* [Task description]:
No picture should appear in the copy. Transcribe exactly, and only, the lines from the one with "Size: 1861x3026 |" through the last line of the data below.

* [Image-caption web data]:

++++++

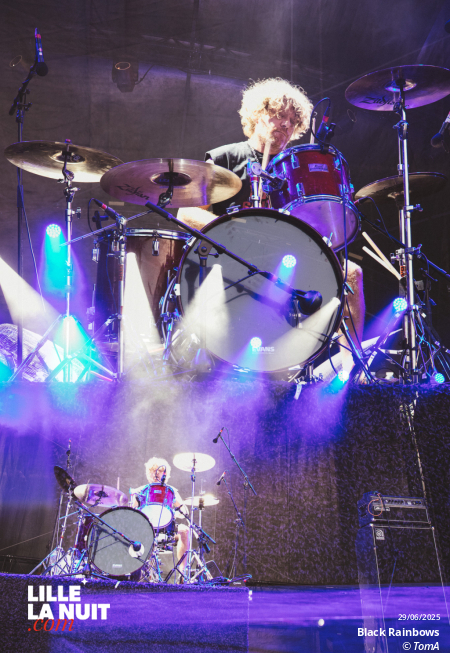 Rock In Bourlon 2025 – Jour 3 en live - photo n°8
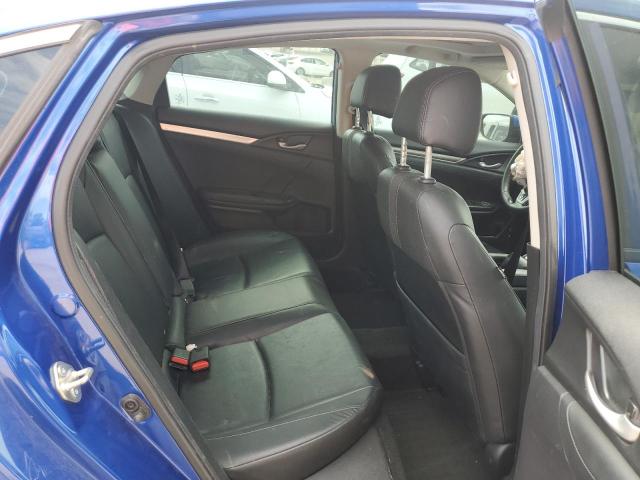 2019 HONDA CIVIC EXL - 19XFC1F77KE016069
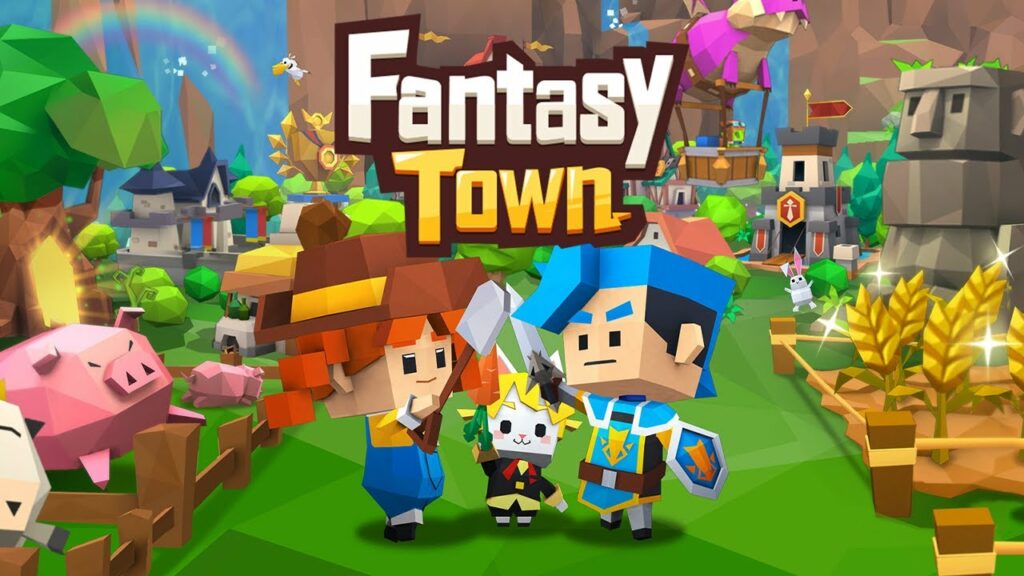 Fantasy Town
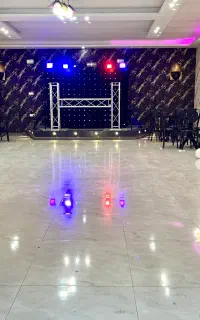 فضایی زیبا و آرام برای برگزاری مراسم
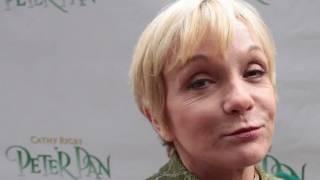 Cathy Rigby is Peter Pan - Garden of Dreams Foundation - Madison Square Garden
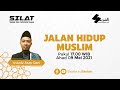 Jalan hidup muslim  kajian nafsiyah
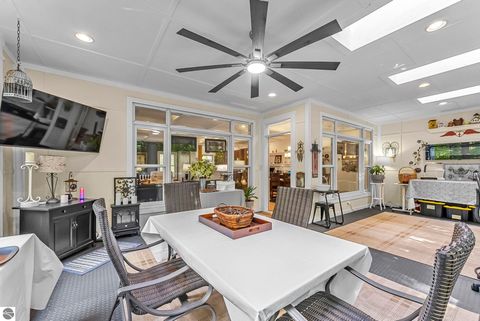 Tiny photo for 1491 Maxwell Road, Petoskey, MI 49770 (MLS # 1942116)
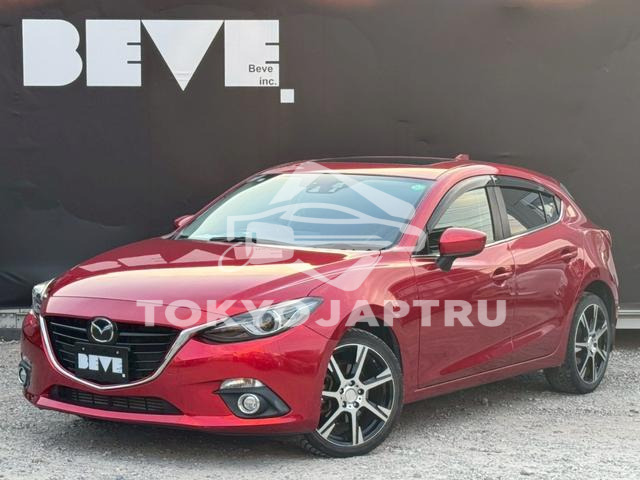 MAZDA AXELA SPORT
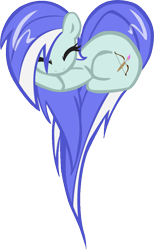 Size: 1861x3026 | Tagged: artist needed, safe, oc, oc only, cute, heart pony, richu, richu yue, simple background, solo, transparent background, vector, yue
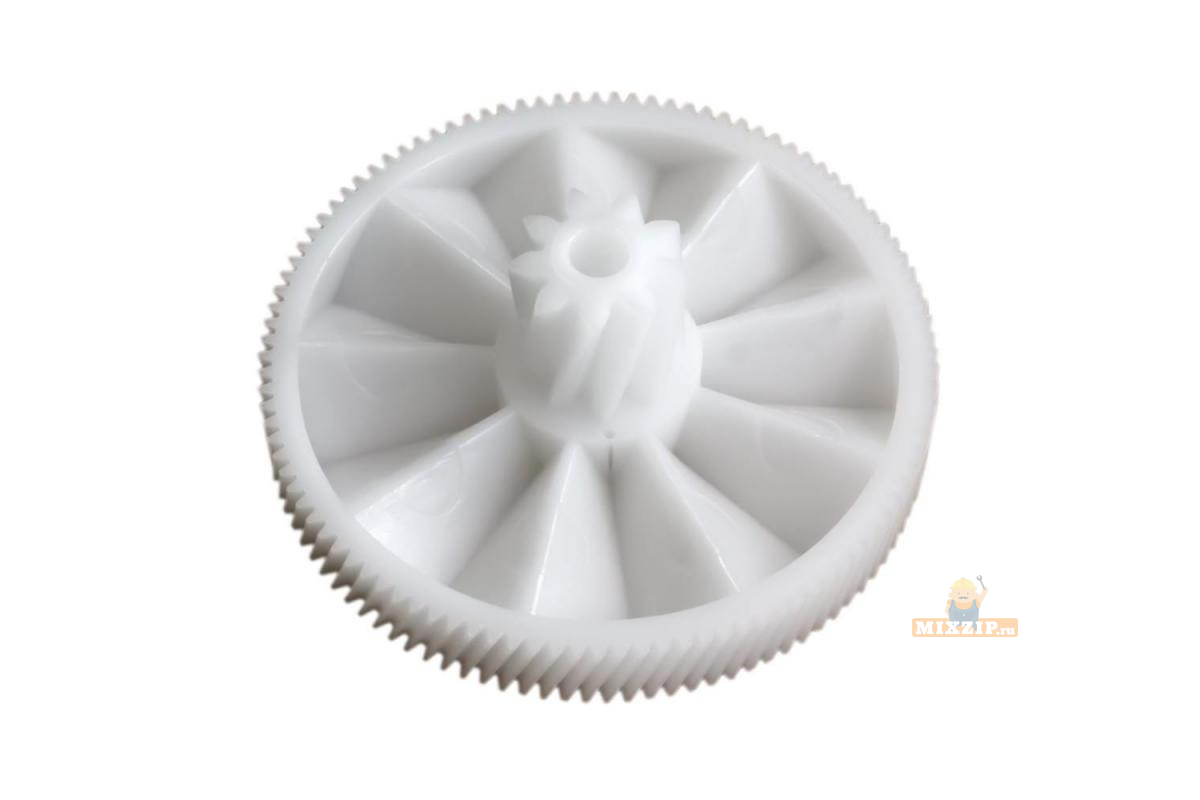 Шестерня большая к мясорубке Braun Power Plus 67000898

++++++

* [Answer to this task]:
 Size: 1861x3026 | Tagged: artist needed, safe, oc, oc only, cute, heart pony, richu, richu yue, simple background, solo, transparent background, vector, yue
 Шестерня большая к мясорубке Braun Power Plus 67000898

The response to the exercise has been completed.